Until recently, the customers have not required much at all in the way of security. And they have refused to pay for it.
Everything you have described about passwords is easy, but isn't very secure. It has been provided for a long time now. But very often, healthcare organizations have refused to implement it because result observed the most frequently with respect to computer system security is that legitimate users are prevented from doing their work. And so you see a terminal at the nursing station logged in using a generic password, and everybody trots up to it and uses it without logging in. Why? Its quicker.
Beyond the gross access issue, should a nurse on 3W be able to see information about a patient on 5N? No, you say?
But wait!! This morning, someone called in sick, and the 3W nurse is helping out on 5W. How `bout now?
Should a billing clerk "authorized" to use "the system" be able to see clinical data at all? What about a medical records coder? But what if this isn't one of her cases to code? Even if it is, should she be allowed to see the UB92 that gets generated? Or the patient's last visit?
Until the customers nail-down roles and responsibilities, and procedures for modifying these on the fly, the computer systems can't do much more than gross access-level security and some logging to figure out who to fire after the fact. This is not an argument against passwords and other gross-level access controls.

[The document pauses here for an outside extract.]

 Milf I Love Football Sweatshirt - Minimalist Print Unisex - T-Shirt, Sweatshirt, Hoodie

To reiterate, data security is a requirement for the healthcare organizations, not for the software developers.
> All databases used by [Lotus > Notes] are encrypted.

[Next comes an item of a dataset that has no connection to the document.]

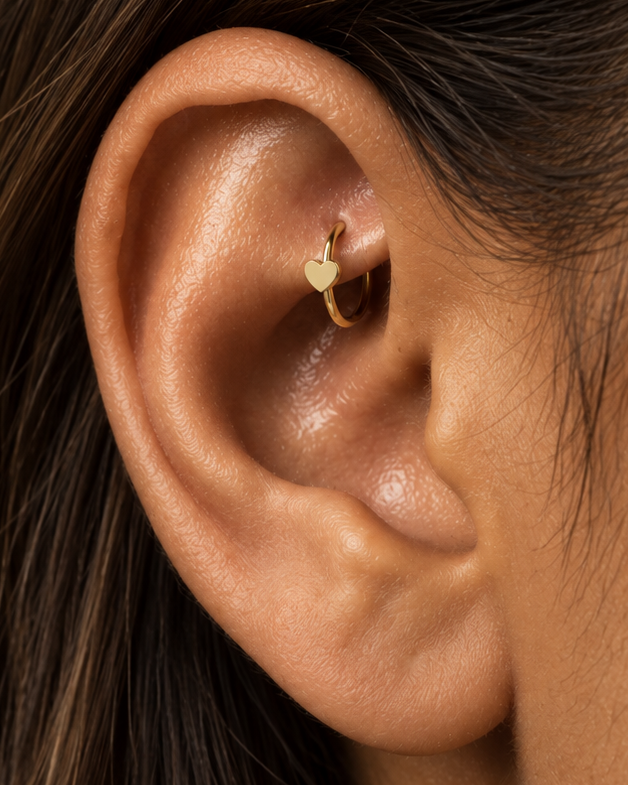 Heart 14ct Solid Gold Rook Hoop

So you are telling me that if you lose or forget your password that all your Lotus Notes data is lost forever? That if you leave, the company loses forever what you have got in Lotus Notes unless you are so kind as to share with them your password/encryption key?

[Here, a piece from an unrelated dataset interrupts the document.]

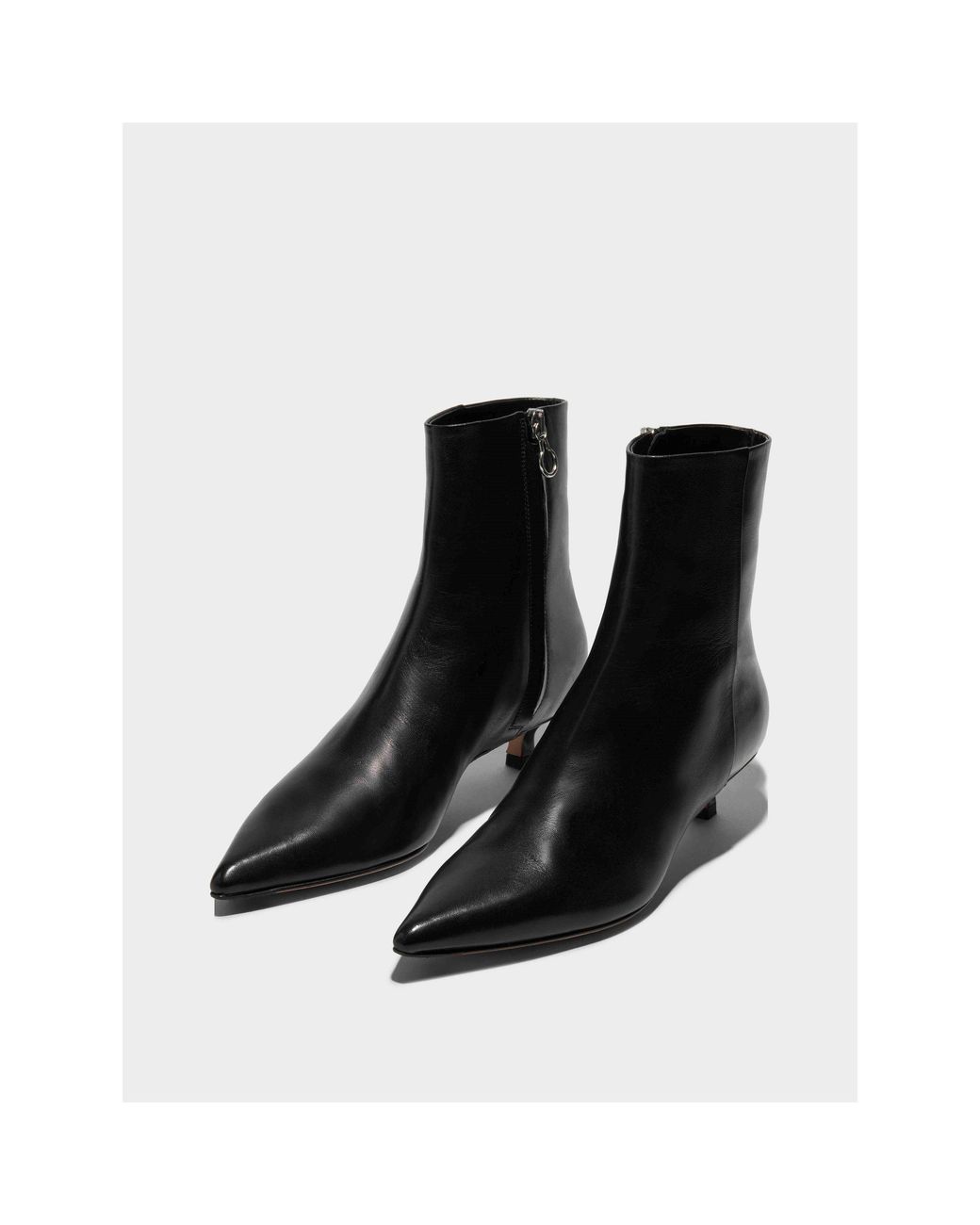 Aeyde Black Cow Print Ankle Heeled Boots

Encrypting an entire database is reasonable for a snapshot taken off-site (say) on a laptop, but is most problematic with respect to the main production database. Think about the management oversight and compliance issues this raises! And the troubleshooting and support issues, and on, and on. I do not think I would permit it.
Security isn't so easy as you imagine -- for the organization.
Tom, you make many valid points. I admit that I am not familiar with medical systems, since I've mostly worked with general purpose software - I am a software engineer by the way, but I work in R&D, mostly middleware. My only exposure to computer security comes from a few years when I worked on anti-virus software development; but that was a while ago. I guess working purely with general purpose software rather than applications and especially in research makes me a bit insulated from real world customers ...
You are right in that there is always a trade-off beween security vs cost and usability and that some of these password rules make it more likely for someone to write passwords on the paper. But keeping open data for anybody who happens to pass by on the disk is a slightly different issue. Aside from people who can stumble on it accidentally like any IT service person, any computer connected to the network is vulnerable to outside access (I hope they at least have a firewall and their administrator account is password-protected; otherwise, it would be real fun).
It seems to me that even having a simple password-protection with a not-so-complicated password seems better than none - at the very least it may provide level of security close to paper file. Even if the billing system itself must be accessible to all hospital personal who would otherwise have access to paper files shouldn't the data stored on disk so that someone from outside doesn't stumble on it accidentally? Or someone from outside?
As far as Notes is concerned, the data in Notes databases is replicated and the password can be reset by the administrator and I have one day to change it again; so the data on the server is not lost; new id file is created. Obviously, this only applies to Notes databases - my private files and programs are my responsibility, but I do have a BIOS and hard disk passwords in case my laptop is stolen. Now if I were to forget my hard disk password it'd be a real problem; but I have a backup on the server.